E3 ubiquitin-protein ligases are a series of enzymes that catalyse the degradation of proteins by transferring ubiquitin to their substrates [5]. Because an increasing number of E3 ubiquitin-protein ligases plays oncogenic or anti-oncogenic roles in cancers, the important roles of E3 ubiquitin-protein ligases in the development and carcinogenesis of malignancies have been illustrated. Some E3 ubiquitin ligases are correlated with chemoresistance and may be potential cancer treatment targets [6, 7]. Therefore, it is necessary to explore hub E3 ubiquitin-protein ligases in HCC to identify new biomarkers and treatment targets.
The immune microenvironment, a crucial part of the tumor microenvironment, comprises many immune cells, such as T cells, natural killer (NK) cells, and macrophages [8]. Importantly, it is associated with cancer prognosis. For example, tumors with a regulatory immune microenvironment are usually associated with a dismal prognosis [9]. Recently, immunotherapy has been more widely used because of its excellent curative effect, which is associated with the components and mechanisms of the immune microenvironment. The targets of immunotherapy, such as PD-1, PDL-1, and CTLA4, are biomarkers of relevant immune cells in the immune microenvironment [10, 11]. Thus, exploring novel therapeutic targets associated with the immune microenvironment is critical to identify new treatment strategies for cancer.

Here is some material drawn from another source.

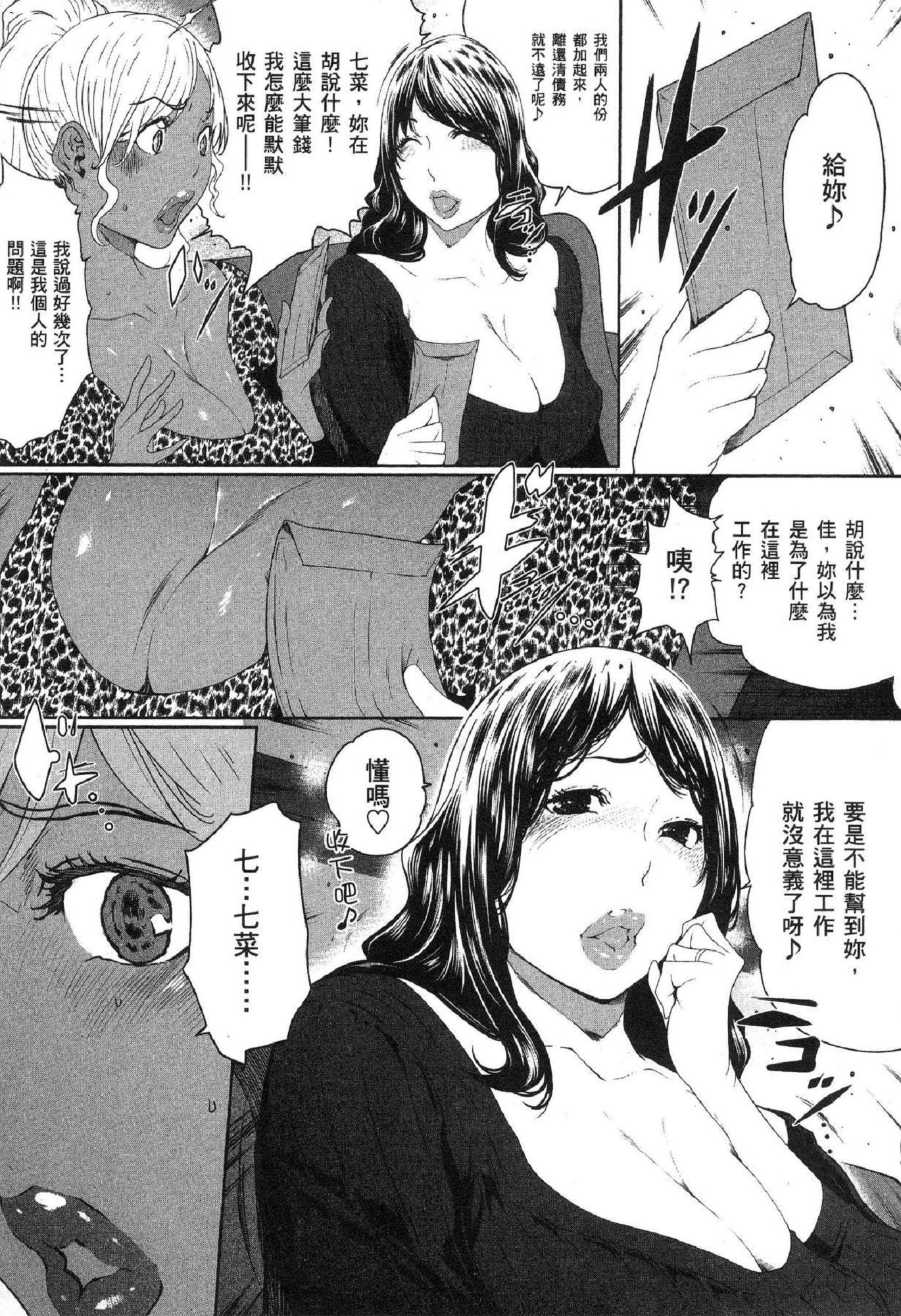風的工房115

In the present study, we identified cell division cycle 20 (CDC20) as a hub E3 ubiquitin-protein ligase in HCC. Subsequently, we explored the prognostic value of CDC20 in HCC by analysing the mRNA-sequencing data and clinical prognostic information downloaded from several databases. Next, we analysed the relationship between CDC20 and immune cells in the immune environment using an online database. The outcomes illustrated an oncogenic role for CDC20 and a possible association between CDC20 and the tumor immune environment in HCC.
Materials and methods
Data and information
In total, 919 E3 ubiquitin-protein ligases were obtained from the Integrated annotations for Ubiquitin and Ubiquitin-like Conjugation Database (IUUCD) (http://iuucd.biocuckoo.org/), which contains information on different ubiquitinating and deubiquitinating enzymes [12]. The identifications of genes in this list were translated to official gene symbols by Perl language. The gene expression data and corresponding clinical information of 231 HCC patients were acquired from the International Cancer Genome Consortium (ICGC) database (https://dcc.icgc. org/projects/LIRI-JP) [13]. All the patients in the ICGC cohort were from Japan. Other RNA-sequencing data on CDC20 and the prognostic data on an additional 371 HCC patients were obtained from The Cancer Genome Atlas (TCGA) database up to January 3, 2021 (https://portal.gdc.cancer.gov/) [14]. Additionally, other expression data on CDC20 and the clinicopathologic features of HCC patients were downloaded from the “GSE14520”, “GSE45267”, “GSE76427”, and “GSE121248” datasets in the Gene Expression Omnibus (GEO) database (https://www.ncbi.nlm.nih.gov/geo) [15]. Immunohistochemical figures were obtained from the Human Protein Atlas (HPA) database (https://www.proteinatlas.org/).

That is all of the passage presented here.